After evaluating the characteristic variations of the eight compounds in the HPLC profiles of the different extracts, compounds 1, 2, and 7 were selected for quantitative analysis. Compounds 1, 2, and 7 that were isolated from the crude extracts of PHT were used as standards, and after being filtered through a 0.45-µm membrane filter (Whatman, Wallingford, UK), calibration curves were generated from serial dilutions of the three individual compounds by plotting the concentration of each sample against its HPLC peak area obtaining the slope (s), standard deviation (σ), and correlation coefficient (R²) of each curve. Subsequently, the three individual compounds were quantified (mg/g extract) in the FDS, FDS, ADL, and ADS extracts using the regression equations of the corresponding standard curves, and validation of the quantification method was conducted, according to the International Conference of Harmonization (ICH)-Q2 guidelines [14].

DPPH radical scavenging activity

The DPPH radical scavenging activity of the samples was determined by measuring the decolorization of DPPH from the trapping of its unpaired electron, using the procedure described by Kang et al. [15], with slight modifications. Briefly, 190 µL fresh DPPH radical solution in MeOH (150 µM) was added to 10 µL of each sample and incubated for 40 min at room temperature. The amount of DPPH radical remaining was then determined by measuring the solution’s absorbance at 517 nm with a model 680 Microplate reader (Bio-Rad, Inc., Hercules, CA, USA). The antioxidant butylated hydroxytoluene (BHT) and l-ascorbic acid were used as positive controls The DPPH radical scavenging activity was expressed as the percent of starting DPPH radical that was scavenged: \({\text{DPPH}}\;{\text{radical}}\;{\text{scavenging}}\;{\text{activity}}\left( \% \right) = 100\% \times \left( { 1- {\text{absorbance}}\;{\text{of}}\;{\text{sample}}/{\text{absorbance}}\;{\text{of}}\;{\text{MeOH}}\;{\text{control}}} \right).\)

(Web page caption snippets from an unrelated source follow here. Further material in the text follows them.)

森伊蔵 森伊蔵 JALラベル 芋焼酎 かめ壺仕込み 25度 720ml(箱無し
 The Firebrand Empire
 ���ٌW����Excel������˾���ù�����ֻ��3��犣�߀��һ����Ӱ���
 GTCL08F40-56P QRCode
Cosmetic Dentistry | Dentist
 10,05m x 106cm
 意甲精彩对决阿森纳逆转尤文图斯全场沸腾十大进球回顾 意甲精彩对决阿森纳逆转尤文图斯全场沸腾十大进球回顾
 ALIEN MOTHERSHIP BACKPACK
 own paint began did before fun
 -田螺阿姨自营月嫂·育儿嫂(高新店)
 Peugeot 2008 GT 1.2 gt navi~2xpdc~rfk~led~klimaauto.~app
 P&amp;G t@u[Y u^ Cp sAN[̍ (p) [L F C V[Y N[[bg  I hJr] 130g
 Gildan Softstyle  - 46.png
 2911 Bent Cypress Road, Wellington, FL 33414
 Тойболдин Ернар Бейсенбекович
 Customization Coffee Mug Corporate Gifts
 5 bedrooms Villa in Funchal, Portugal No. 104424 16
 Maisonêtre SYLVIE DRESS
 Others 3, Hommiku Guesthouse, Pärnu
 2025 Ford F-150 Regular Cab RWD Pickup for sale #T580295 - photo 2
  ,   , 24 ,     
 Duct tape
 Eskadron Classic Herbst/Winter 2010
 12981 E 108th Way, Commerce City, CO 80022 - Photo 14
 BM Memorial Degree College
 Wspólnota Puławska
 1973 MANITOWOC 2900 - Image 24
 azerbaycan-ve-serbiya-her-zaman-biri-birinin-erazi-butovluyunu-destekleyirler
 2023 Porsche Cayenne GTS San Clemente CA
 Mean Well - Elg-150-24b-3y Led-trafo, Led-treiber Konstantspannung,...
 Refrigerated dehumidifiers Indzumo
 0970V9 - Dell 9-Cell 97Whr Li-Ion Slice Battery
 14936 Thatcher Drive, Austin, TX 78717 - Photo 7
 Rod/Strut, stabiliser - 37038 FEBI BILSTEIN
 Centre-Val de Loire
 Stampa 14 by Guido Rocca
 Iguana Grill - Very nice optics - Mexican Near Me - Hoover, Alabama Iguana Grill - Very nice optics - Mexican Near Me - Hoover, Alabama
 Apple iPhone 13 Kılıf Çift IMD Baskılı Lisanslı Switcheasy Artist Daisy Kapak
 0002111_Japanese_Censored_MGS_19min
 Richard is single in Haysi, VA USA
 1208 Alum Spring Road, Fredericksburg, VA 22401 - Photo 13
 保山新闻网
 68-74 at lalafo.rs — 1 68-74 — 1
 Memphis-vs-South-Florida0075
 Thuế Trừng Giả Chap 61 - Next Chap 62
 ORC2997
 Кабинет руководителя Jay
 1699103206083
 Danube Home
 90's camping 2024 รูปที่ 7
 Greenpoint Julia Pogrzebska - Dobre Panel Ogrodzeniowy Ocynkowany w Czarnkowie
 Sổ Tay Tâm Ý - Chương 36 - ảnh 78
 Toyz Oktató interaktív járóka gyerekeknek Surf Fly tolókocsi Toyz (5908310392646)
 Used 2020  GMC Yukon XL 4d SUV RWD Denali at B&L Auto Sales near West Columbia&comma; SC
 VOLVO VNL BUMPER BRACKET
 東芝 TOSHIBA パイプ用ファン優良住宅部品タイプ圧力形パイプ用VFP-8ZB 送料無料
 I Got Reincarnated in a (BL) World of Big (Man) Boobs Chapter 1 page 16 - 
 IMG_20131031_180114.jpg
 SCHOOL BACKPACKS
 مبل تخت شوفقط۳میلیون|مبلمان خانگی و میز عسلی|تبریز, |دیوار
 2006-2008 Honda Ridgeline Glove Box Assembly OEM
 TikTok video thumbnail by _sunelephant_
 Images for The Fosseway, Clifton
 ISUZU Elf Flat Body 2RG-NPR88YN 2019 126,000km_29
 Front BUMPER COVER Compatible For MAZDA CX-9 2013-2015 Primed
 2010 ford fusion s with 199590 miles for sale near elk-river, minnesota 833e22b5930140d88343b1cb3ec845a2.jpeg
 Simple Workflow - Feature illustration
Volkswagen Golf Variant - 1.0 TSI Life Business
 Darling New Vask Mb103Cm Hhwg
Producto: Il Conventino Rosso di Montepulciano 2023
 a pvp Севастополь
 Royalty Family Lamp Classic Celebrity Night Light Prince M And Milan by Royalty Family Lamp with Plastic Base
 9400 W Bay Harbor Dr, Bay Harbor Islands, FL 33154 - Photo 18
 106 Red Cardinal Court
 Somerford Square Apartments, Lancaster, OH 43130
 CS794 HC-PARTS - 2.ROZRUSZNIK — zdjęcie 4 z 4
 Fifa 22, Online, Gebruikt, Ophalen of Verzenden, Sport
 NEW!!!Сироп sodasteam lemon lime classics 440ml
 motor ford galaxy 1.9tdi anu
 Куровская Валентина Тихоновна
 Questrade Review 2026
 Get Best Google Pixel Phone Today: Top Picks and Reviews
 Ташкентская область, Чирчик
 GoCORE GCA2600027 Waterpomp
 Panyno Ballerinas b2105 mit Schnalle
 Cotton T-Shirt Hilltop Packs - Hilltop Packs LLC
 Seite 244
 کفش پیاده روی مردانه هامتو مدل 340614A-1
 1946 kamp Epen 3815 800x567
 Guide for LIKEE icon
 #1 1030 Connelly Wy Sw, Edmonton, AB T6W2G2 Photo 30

Inhibition of Cu²⁺-induced LDL oxidation

Blood from healthy volunteers was obtained from the Korean Red Cross Blood Center, Daejeon according to the Guidelines of Blood Donation Program for Research. After the plasma was separated by centrifuging the whole blood at low speed, EDTA (0.1%), NaN₃ (0.05%), and phenylmethylsulfonyl fluoride (0.015%) were added to the plasma, in order to prevent lipoprotein modification. The LDL was isolated from the plasma using discontinuous density gradient ultracentrifugation, as described previously [16].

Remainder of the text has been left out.